Given a data set with p numeric variables, you can compute p principal components. Each principal component is a linear combination of the original variables, with coefficients equal to the eigenvectors of the correlation or covariance matrix. The eigenvectors are customarily taken with unit length. The principal components are sorted by descending order of the eigenvalues, which are equal to the variances of the components.

Principal components have a variety of useful properties (Rao, 1964; Kshirsagar, 1972):

  • The eigenvectors are orthogonal, so the principal components represent jointly perpendicular directions through the space of the original variables.

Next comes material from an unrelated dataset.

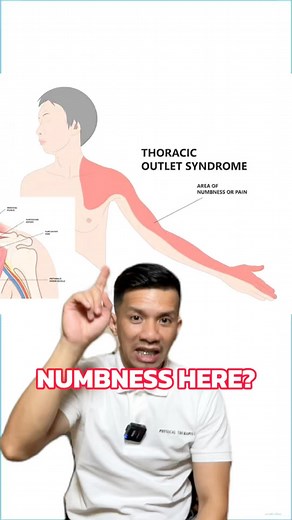94K views · 882 reactions | How to test & treat Thoracic Outlet Syndrome!! #thoracicoutletsyndrome #physicaltherapy | Keep Moving | Facebook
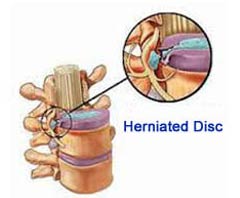 Herniated Disc Surgery in India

  • The principal component scores are jointly uncorrelated. Note that this property is quite distinct from the previous one.

  • The first principal component has the largest variance of any unit-length linear combination of the observed variables. The jth principal component has the largest variance of any unit-length linear combination orthogonal to the first j – 1 principal components. The last principal component has the smallest variance of any linear combination of the original variables.

  • The scores on the first j principal components have the highest possible generalized variance of any set of unit-length linear combinations of the original variables.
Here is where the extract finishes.